SONY COMPUTER ENTERTAINMENT AMERICA TO SETTLE FTC CHARGES OF PLACING MISLEADING ADS

FROM:  U.S. FEDERAL TRADE COMMISSION 
Sony Computer Entertainment America To Provide Consumer Refunds To Settle FTC Charges Over Misleading Ads For PlayStation Vita Gaming Console
FTC Also Charges Los Angeles Ad Agency with Promoting Console through Deceptive Twitter Endorsements

Sony Computer Entertainment America (“Sony”) has agreed to settle Federal Trade Commission charges that it deceived consumers with false advertising claims about the “game changing” technological features of its PlayStation Vita handheld gaming console during its U.S. launch campaign in late 2011 and early 2012.

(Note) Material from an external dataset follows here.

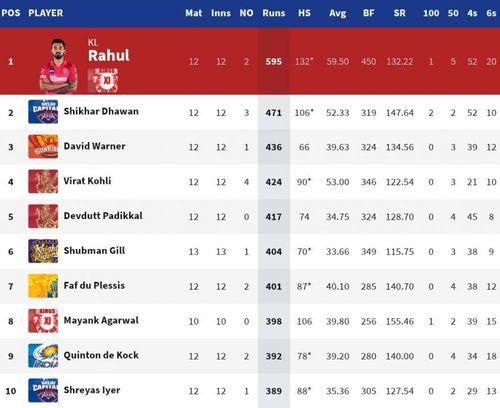 Shubman Gill became the 7th batsman to cross 400 runs in IPL 2020 (Credits: IPLT20.com)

As part of its settlement with the FTC, Sony is barred from making similarly misleading advertising claims in the future, and will provide consumers who bought a PS Vita gaming console before June 1, 2012, either a $25 cash or credit refund, or a $50 merchandise voucher for select video games, and/or services. Sony will provide notice via email to consumers who are eligible for redress after the settlement is finalized by the Commission.

“As we enter the year’s biggest shopping period, companies need to be reminded that if they make product promises to consumers -- as Sony did with the “game changing” features of its PS Vita -- they must deliver on those pledges,” said Jessica Rich, Director of the FTC’s Bureau of Consumer Protection. “The FTC will not hesitate to act on behalf of consumers when companies or advertisers make false product claims.”

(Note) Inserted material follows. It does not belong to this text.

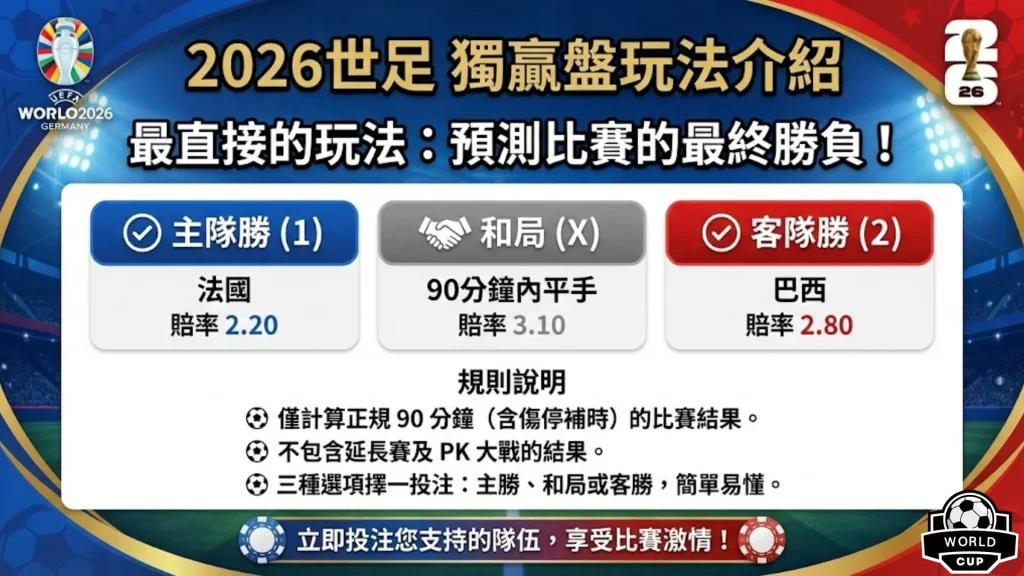 世界盃投注策略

As part of its launch campaign for the PS Vita, Sony claimed that the pocket-sized console would revolutionize gaming mobility by enabling consumers to play their PlayStation 3 games via “remote play,” and that they could engage in “cross platform” play by starting a game on a PS3 and then continuing it on the go, right where they left off, on a PS Vita. The FTC alleges that each of these claims was misleading.

In a related action, the Commission charged that Deutsch LA, Sony’s advertising agency for the PS Vita launch, knew or should have known that the advertisements it produced contained misleading claims about the console’s cross platform and 3G capabilities.

The FTC also alleges that Deutsch LA further misled consumers by urging its employees to create awareness and excitement about the PS Vita on Twitter, without instructing employees to disclose their connection to the advertising agency or its then-client Sony. Under a separate settlement order, Deutsch LA is barred from such conduct in the future.

The PS Vita is a handheld gaming console that Sony first sold in the United States in February 2012 for about $250. Unlike the PS3, which allows consumers to play video games on a television, the PS Vita is a portable device that enables gamers to play “on the go,” untethered to a television screen.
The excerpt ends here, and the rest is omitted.